Facínoras bons são os que têm pedigree de esquerda


A visita do presidente angolano. Primeiro, definitivamente, ética e negócios não dançam a mesma música. Segundo, da habitual superioridade moral que as esquerdas reivindicam para si, uma ideia: há facínoras com os quais acabamos por condescender. Como se fossem facínoras bons – ou bons facínoras, que a ordem dos factores é arbitrária.


Ontem, todos os partidos com lugar no parlamento, com a excepção do Bloco de Esquerda (BE), ou teceram loas ao ditador angolano (PS, PSD e PCP) ou ficaram por um silêncio ensurdecedor (CDS-PP). Até nisto o bloco central é um mau exemplo. Os imperativos do pragmatismo sobrepõem-se a outros valores.


O relacionamento com Angola está viciado. Estamos de cócoras, numa posição que imagino ser confortável para a ganga angolana, lambuzando-se com um cenário que inverte estatutos sedimentados em séculos de história. O outrora colonizado manda no que foi seu colonizador. Os negócios assim determinam. Ou estendemos a passadeira para os angolanos passearem a sua pesporrência, ou os negócios caberão a outros. Pelo caminho, fechamos os olhos a um rosário de violações de direitos humanos, a uma democracia que não passa do nome, à fortuna colossal de José Eduardo dos Santos e de um séquito muito restrito em contraste com a pobreza obscena de quase todos os demais. Assobiamos para o alto. Fazemos de conta que Angola rima com normalidade. Só para termos lugar no lauto manjar dos negócios numa, diz-se, "terra promissora".
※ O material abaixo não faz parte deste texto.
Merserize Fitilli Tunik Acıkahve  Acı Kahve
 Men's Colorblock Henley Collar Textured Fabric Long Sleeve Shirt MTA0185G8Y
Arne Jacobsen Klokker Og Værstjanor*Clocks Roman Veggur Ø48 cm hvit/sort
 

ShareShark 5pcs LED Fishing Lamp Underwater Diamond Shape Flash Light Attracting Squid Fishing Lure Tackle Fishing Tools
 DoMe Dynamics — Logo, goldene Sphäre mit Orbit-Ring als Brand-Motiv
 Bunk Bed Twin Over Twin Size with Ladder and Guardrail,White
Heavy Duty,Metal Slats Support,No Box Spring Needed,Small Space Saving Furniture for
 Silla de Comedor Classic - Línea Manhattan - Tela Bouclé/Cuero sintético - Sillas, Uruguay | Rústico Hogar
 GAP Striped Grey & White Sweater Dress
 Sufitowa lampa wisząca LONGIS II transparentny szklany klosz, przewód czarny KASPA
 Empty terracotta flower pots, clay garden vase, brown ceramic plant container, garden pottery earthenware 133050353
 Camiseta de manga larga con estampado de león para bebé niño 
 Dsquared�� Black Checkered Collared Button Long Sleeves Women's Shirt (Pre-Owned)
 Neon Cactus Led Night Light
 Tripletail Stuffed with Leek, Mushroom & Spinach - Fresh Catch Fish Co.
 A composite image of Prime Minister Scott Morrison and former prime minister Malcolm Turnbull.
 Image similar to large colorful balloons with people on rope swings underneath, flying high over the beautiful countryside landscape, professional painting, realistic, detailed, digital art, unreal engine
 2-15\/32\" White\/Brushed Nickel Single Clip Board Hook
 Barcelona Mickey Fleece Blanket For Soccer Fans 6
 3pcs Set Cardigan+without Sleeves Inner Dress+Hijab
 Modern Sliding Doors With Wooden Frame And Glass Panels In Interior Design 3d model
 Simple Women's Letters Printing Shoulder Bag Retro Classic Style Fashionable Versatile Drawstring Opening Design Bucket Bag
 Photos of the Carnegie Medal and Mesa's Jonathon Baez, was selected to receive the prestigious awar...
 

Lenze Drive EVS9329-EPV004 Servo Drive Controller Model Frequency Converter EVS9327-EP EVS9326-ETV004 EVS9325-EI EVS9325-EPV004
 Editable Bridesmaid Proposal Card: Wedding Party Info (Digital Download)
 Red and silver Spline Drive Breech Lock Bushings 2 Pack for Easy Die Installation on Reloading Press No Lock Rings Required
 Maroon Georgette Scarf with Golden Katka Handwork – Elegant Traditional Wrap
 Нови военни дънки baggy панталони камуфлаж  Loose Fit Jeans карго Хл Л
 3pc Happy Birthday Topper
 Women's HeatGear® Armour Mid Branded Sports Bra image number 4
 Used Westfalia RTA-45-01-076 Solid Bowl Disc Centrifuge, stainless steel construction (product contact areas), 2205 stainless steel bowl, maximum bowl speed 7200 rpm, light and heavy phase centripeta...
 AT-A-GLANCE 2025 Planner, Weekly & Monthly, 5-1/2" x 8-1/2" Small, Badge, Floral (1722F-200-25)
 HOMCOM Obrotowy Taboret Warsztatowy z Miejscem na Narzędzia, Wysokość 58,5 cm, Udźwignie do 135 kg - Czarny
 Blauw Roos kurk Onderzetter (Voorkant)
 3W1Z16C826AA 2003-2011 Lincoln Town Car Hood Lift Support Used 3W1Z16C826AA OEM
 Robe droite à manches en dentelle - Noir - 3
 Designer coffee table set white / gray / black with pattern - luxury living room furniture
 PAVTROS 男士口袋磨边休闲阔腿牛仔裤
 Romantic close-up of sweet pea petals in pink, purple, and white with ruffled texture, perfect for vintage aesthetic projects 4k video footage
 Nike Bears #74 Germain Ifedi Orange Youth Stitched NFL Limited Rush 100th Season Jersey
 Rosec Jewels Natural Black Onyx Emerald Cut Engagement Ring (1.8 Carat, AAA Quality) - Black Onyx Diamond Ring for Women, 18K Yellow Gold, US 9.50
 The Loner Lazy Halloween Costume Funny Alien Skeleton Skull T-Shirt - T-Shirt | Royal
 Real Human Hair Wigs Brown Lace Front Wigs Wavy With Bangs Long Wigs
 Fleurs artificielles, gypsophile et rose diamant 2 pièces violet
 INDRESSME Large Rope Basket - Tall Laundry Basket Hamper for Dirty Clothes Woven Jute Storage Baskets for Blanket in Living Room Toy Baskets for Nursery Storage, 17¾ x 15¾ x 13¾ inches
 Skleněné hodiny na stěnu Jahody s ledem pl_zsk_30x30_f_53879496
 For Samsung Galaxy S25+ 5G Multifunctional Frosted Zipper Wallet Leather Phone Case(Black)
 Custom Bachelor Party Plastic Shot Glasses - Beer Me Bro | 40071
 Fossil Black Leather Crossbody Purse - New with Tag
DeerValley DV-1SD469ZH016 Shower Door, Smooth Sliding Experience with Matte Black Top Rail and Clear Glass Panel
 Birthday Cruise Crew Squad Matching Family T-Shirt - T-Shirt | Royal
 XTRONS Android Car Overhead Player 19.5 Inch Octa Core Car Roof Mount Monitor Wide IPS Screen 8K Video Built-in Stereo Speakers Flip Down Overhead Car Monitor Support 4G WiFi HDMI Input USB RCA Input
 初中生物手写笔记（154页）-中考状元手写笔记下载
O respeitinho na ordem internacional fala mais alto. Sinal dos tempos, as terras onde existem mercados cheios de potencial encaminham terras outrora poderosas à sua pequenez. Estou à vontade para o que vem a seguir, pois já aqui deixei, por várias ocasiões, credenciais de ausente nacionalismo. Neste relacionamento enviesado com Angola, curvamo-nos em respeitosas vénias para deleite sumptuoso de quem é pajeado. A força dos cifrões suplanta a humilhação a que somos remetidos pelos tratantes angolanos. O que sobra é um silêncio cheio de cumplicidades.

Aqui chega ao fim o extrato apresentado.